Yet this divine presence is also beyond the power of our words to describe, and beyond the capacity of our minds to understand. While it is natural that we seek to use the powers of thought and of speech to communicate our awareness of this fundamental reality, we need constantly to be alert to the dangers of being misled by conventional notions and mental cliches, constantly aware of the risks of trying to domesticate God with the limitations of human words and concepts, constantly aware that with a lack of respect for mystery we deprave ourselves. In general, the deeper the experience one has of God, the less one is able to say about it.

As human beings we know ourselves to be imperfect and incomplete. Yet the Creator, while leaving us incomplete, also endowed us with a capacity to finish the work of fashioning our own nature. The Creator gave us the freedom to do so as well — the freedom to do so for better or for worse. We long for completeness, and with our efforts to achieve it we arrive at our most noble accomplishments and also suffer our most crushing defeats. We live surrounded by idols, idols which constantly bombard us with false images of completeness. Accumulating money and exerting power over others are two avenues through which people are tempted to fill the void of their incompleteness, two avenues through which they seek to fulfill themselves.

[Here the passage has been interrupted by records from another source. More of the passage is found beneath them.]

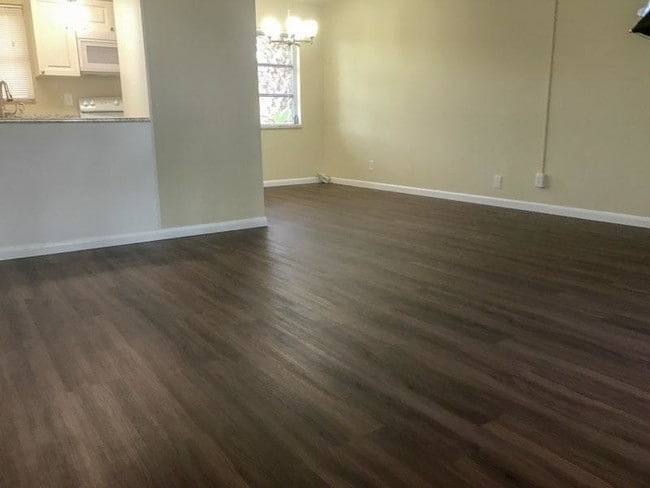 property at 5205 Eadie Pl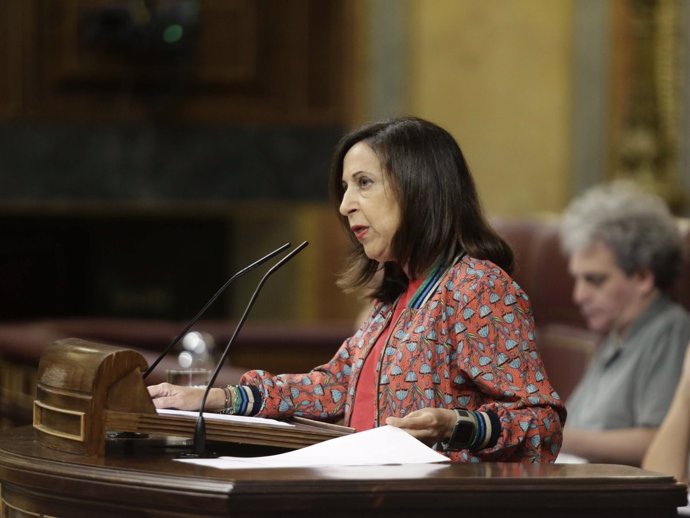 La ministra de Defensa, Margarita Robles, en el Pleno del Congreso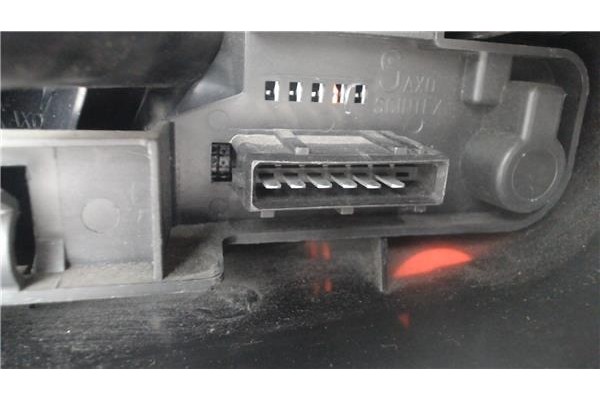Recambio de piloto trasero derecho para citroen saxo referencia OEM IAM 6351L8  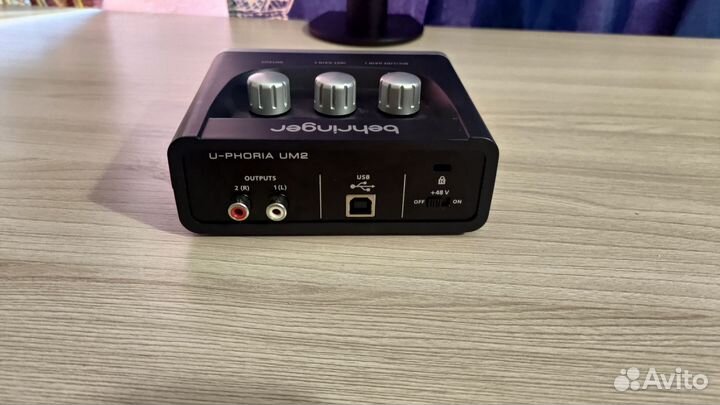 Внешняя звуковая карта behringer u-phoria um2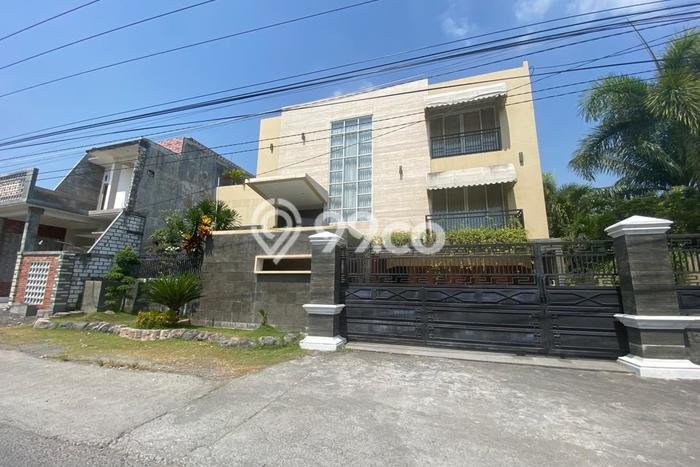 For Sale Rumah 5 Kamar Lokasi Strategis Nyaman dan Strategis di Deket For Sale Rumah 5 Kamar Lokasi Strategis Nyaman dan Strategis di Deket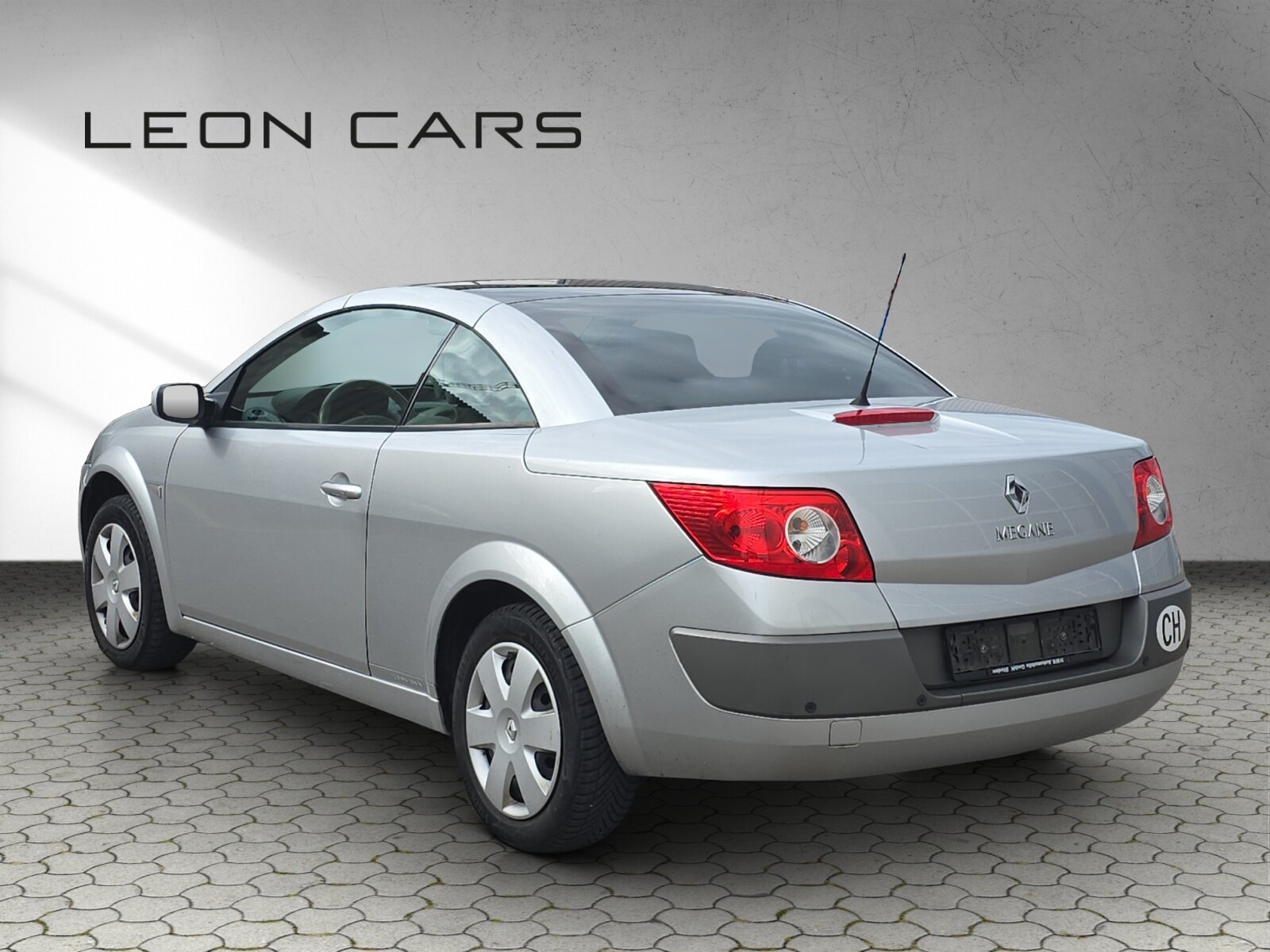 RENAULT Mégane C-C 2.0 16V Automat, Benzin, Occasion / Gebraucht, Automatik - 7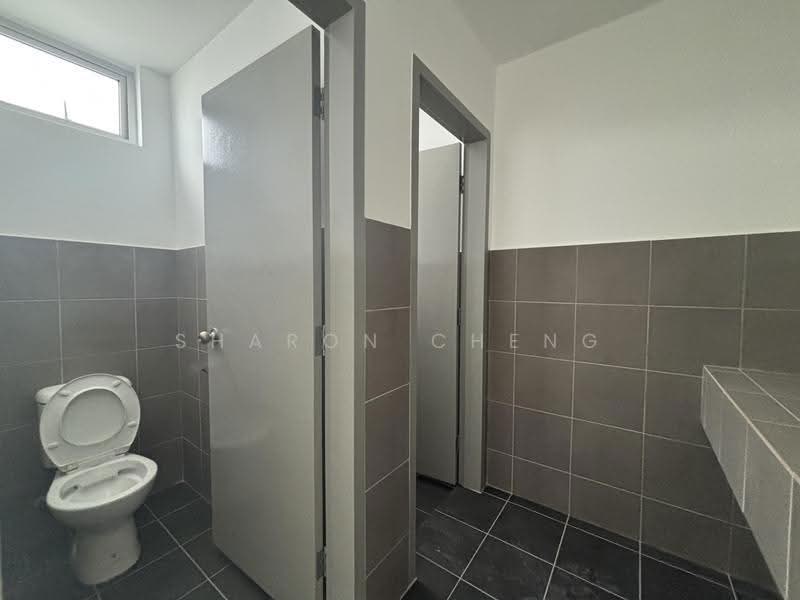 Shop for Rent in Beranang (Selangor) - Sharon Cheng - Bathroom - PropertyGuru.com.my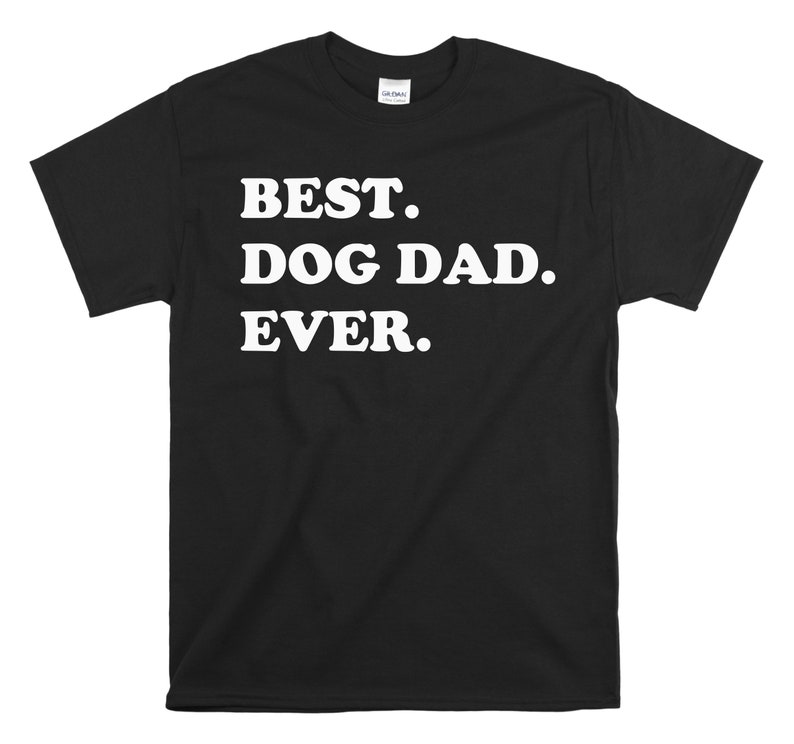 Pode incluir: Camiseta preta com texto branco que diz "BEST. DOG DAD. EVER."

I am told that the average American child who watches an average amount of television sees depicted more than 3,000 murders by the time he or she is twelve years old! From everywhere, it seems, we are assailed with the notion that our nature is innately violent, that our chief preoccupation is with our sexuality, and that our main purpose in life lies in the acquisition of ever more nifty possessions. Unless a vision for our completeness is inspired by the balance, order, harmony and peace which is the natural destiny of the creation, unless the all-powerful word of God leaps to us out of the silence, we shall indeed continue to live in the doomed land of which the scriptures speak:

When a peaceful silence lay over all,
and night had run the half of her swift course,
down from the heavens, down from the royal throne,
leaped your all-powerful Word;
into the heart of a doomed land
the stern warrior leaped.

Wisdom 18:14-15, Jerusalem Bible

As there is given to us some degree of awareness of the ineffable mystery of God we are shown the way to complete ourselves, both as individuals and as communities, in accordance with the principles of compassion and truth which are the basis of our natural and intended character. We become more exactly who we are meant to be, and we are filled with joy and with a power to act usefully which partakes of divine creativity itself. And just as we perceive that a beautiful thing in some mysterious way expresses and contains all beauty, and a good gesture, no matter how small, somehow contains and expresses all goodness, we also see that the fully realized human being — the perfect human being — expresses true godliness in a pure, perfect and complete way. Thus, the life and ministry of Jesus of Nazareth offer a perfected image of the divine life operating under human conditions.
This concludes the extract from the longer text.